Examples of non-exempt assets for Chapter 7 bankruptcy purposes include, but may not be limited to:
- Bank account funds;
- Securities, including stocks and bonds;
- Valuable items, such as coin or stamp collections;
- Musical instruments, unless the individual is a professional musician;
- Second homes;
- Vacation property; and
- Second motor vehicles.
It is important to note that the items included in each list may vary by state and by which statute the debtor chooses, the federal or the state. Additionally, the amounts for the items will vary depending on the same factors.
Is There Legislative Support for Pre-Bankruptcy Planning?
Most state laws and federal bankruptcy laws permit the conversion of non-exempt assets into exempt assets. This conversion is not considered fraudulent and permits the individual to take advantage of any existing exemption guidelines.
Legislation permits an individual to engage in this conversion whether it is done in contemplation of filing for bankruptcy or with the intention of placing those assets beyond the reach of creditors. Some states, however, have placed state level restrictions on these types of transfers. Courts have ruled that these types of transfers done on the eve of a bankruptcy are, in fact, fraudulent transfers.
While the majority of federal courts have held that the federal bankruptcy law preempts any state law restrictions, those decisions have not been uniform. Additionally, there is a split decision on whether or not the federal laws preempt the state restrictions in state courts.

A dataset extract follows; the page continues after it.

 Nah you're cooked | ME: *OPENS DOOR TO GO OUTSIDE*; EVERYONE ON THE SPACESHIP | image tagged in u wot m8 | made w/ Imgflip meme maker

In other terms that are not complex legal jargon, an individual should hire an experienced local bankruptcy attorney to assist them prior to filing for their bankruptcy. An attorney can review and explain these complex nuances in the law in the event that the individual does want to convert an exempt property into a non-exempt property.
How is the Propriety of Pre-Bankruptcy Planning Assessed?
When evaluating whether or not a prebankruptcy transfer is permitted or fraudulent, the court generally considers whether the debtor or the transferor:
- Retained control or possession of the property transferred following the transfer;
- Concealed the transfer or obligation;
- Absconded; or
- Removed or concealed assets.
What are the Penalties for Improper Pre-Bankruptcy Planning?
A court may impose one of several penalties if an individual engages in improper bankruptcy planning, including:
- Complete denial of the bankruptcy discharge;
- Denial of the exemption either on the state or federal level; and
- Dismissal of the bankruptcy petition.
What will my Attorney Need at a Pre-Bankruptcy Planning Meeting?
Essentially, everything but the kitchen sink. An attorney will need to examine every aspect of an individual’s financial situation in order to provide a complete and accurate opinion regarding their position for bankruptcy. The attorney may wish to see documentation including:
- Any recent bills, mortgage statements, and other debt-related documents;
- Bank statements;
- Foreclosure or eviction notices;
- Letters or other correspondence from debt collectors;
- Legal documents relating to debt collection, especially any lawsuits or judgments;
- Insurance policies;
- Titles to vehicles and real estate;
- Check stubs and tax returns; and
- A current mortgage or lease.
It is important to share any requested information with the attorney. It is not done in an attempt to be nosy, it is done out of necessity in order to avoid being untruthful to the bankruptcy court.
Do I Need a Bankruptcy Attorney?
It is essential to have the assistance of an experienced bankruptcy lawyer for any bankruptcy issues you may have or if you are even just considering filing for bankruptcy. As noted above, the laws regarding prebankruptcy planning vary significantly depending upon the state.
Your attorney can review your assets and local laws and determine if conversions may be made and what property will be considered exempt and non-exempt. Having an attorney may mean the difference between having your bankruptcy dismissed or successfully discharging your debts.